Editor’s Note: In Richmond, Calif., a city long equated with high rates of crime and poverty, the local police have taken steps in recent years to improve relations with the communities they serve. Richmond Chief of Police Chris Magnus turned out at a recent local rally against police brutality. The rally was one of many protests being staged in cities across the country in the wake of grand jury acquittals of white police officers in the killings of unarmed black men. He was interviewed by Richmond Pulse editor Malcolm Marshall.
The police and the community share a common goal. We want peaceful protests to be something that people feel comfortable participating in and to understand that the police are guardians, because we should be protecting people’s constitutional rights.
But we also want to send a message that we care about everyone in the community. This needs to be a partnership between police and persons of color, black, brown, whatever. We need to be working together.
Does the department have a history of being a part of protests in Richmond?
We’ve been stewards of public safety, when there’ve been protests related to Chevron, protests around environmental issues, protests about political issues. It’s our job to make sure that everyone’s voice can be heard and that people feel safe exercising their First Amendment rights.
A few weeks ago, you spoke at the peace rally in honor of Rodney Frazier, the 16-year-old who was murdered in front of his home in unincorporated North Richmond, which isn’t technically in your jurisdiction. Why did you choose to lend your presence and words to the community at that event?
He was a young man who was very much tied into our greater Richmond community. This was less about jurisdictional lines and more about finding common ground and working together to prevent future homicides, whether they’re in unincorporated Richmond or in the City of Richmond. We need to be joining together, and I think that was an important opportunity to do that.
Your department first tried out using body cameras on four officers out on patrol in October 2013 and now has a plan to have all officers wearing body cameras by the end of January. How do you think they can help?

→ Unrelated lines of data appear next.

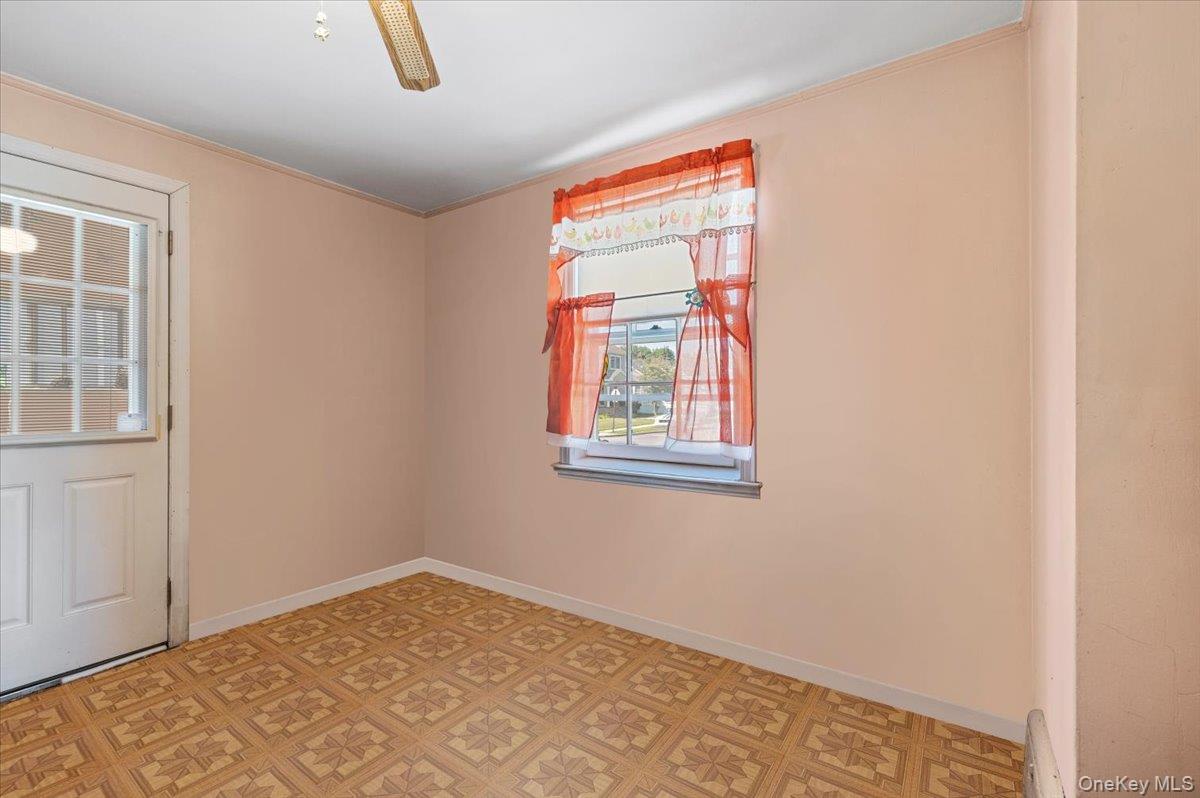 #14 photo, 9 Revere Avenue, ナッソー郡 Bethpage , NY 11714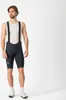 Castelli Competizione 2 Trägerhose Schwarz M Herren Schwarz Produktbild-Vorschau 6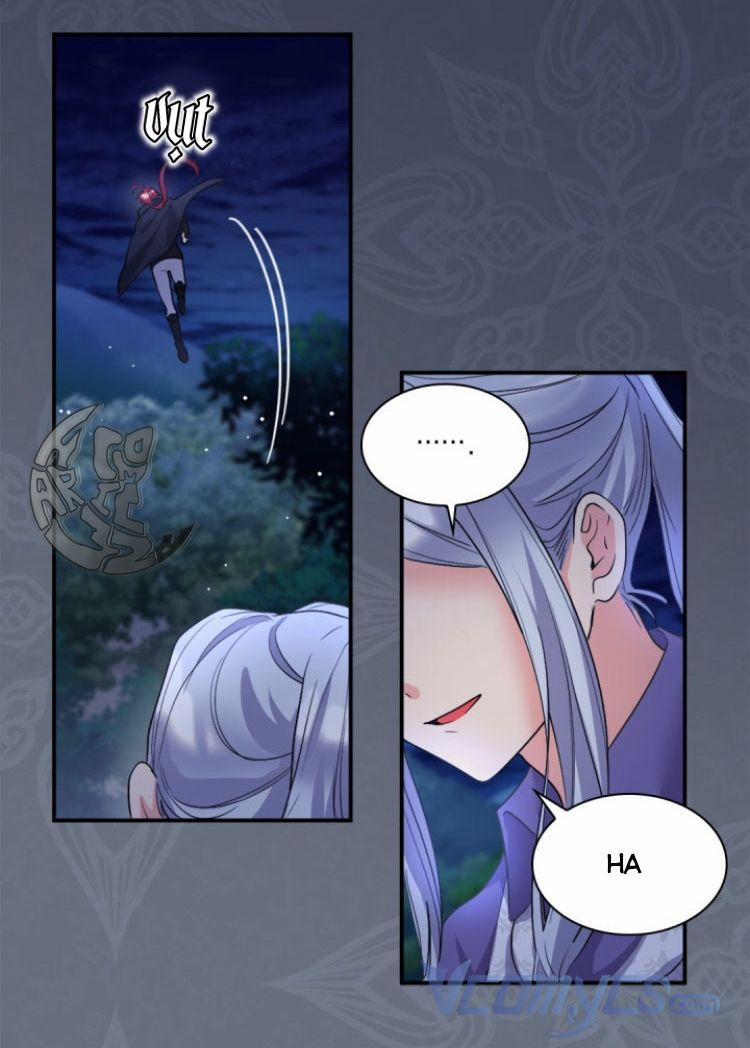 Cuộc Sống Mới Của Cặp Song Sinh 110 trang 53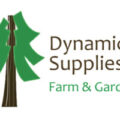 加拿大Dynamic Supplies公司
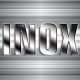 Imetec Iron Max Eco Professional 2400 2300 W 1 L Alluminio Verde 4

I think the cameras provide an opportunity to show the community that we really are committed to professional policing, that we’re transparent in what we do, that we understand the importance of accountability, and I think they’re going to protect not only the public but police officers as well. Sometimes there are complaints against officers that really are baseless, but if there are actually issues and times where officers do behave inappropriately, we want a record of that as well, so we can address it and make things better.
What are some of the challenges of having police use cameras?
The challenges involve privacy. People are concerned about how long we keep that kind of video evidence, especially if we’re wearing it into their homes, on calls for service or circumstances like that. So that’s one issue. I think police officers are concerned about how and when they’re used. They don’t want every private conversation that they have recorded, and I can understand that.
The other challenge, of course, as we’ve seen even in the news lately, is even when you’re wearing a camera, it may not show everything. It doesn’t necessarily show the totality of the circumstance.
So these are all things we’re going to have to work through, but I think there’s still a net benefit, and I think that’s one of the reasons why even police unions in most places have come around to support body cameras. Because they see that this is going to be a net benefit for not only the police department but the community as well.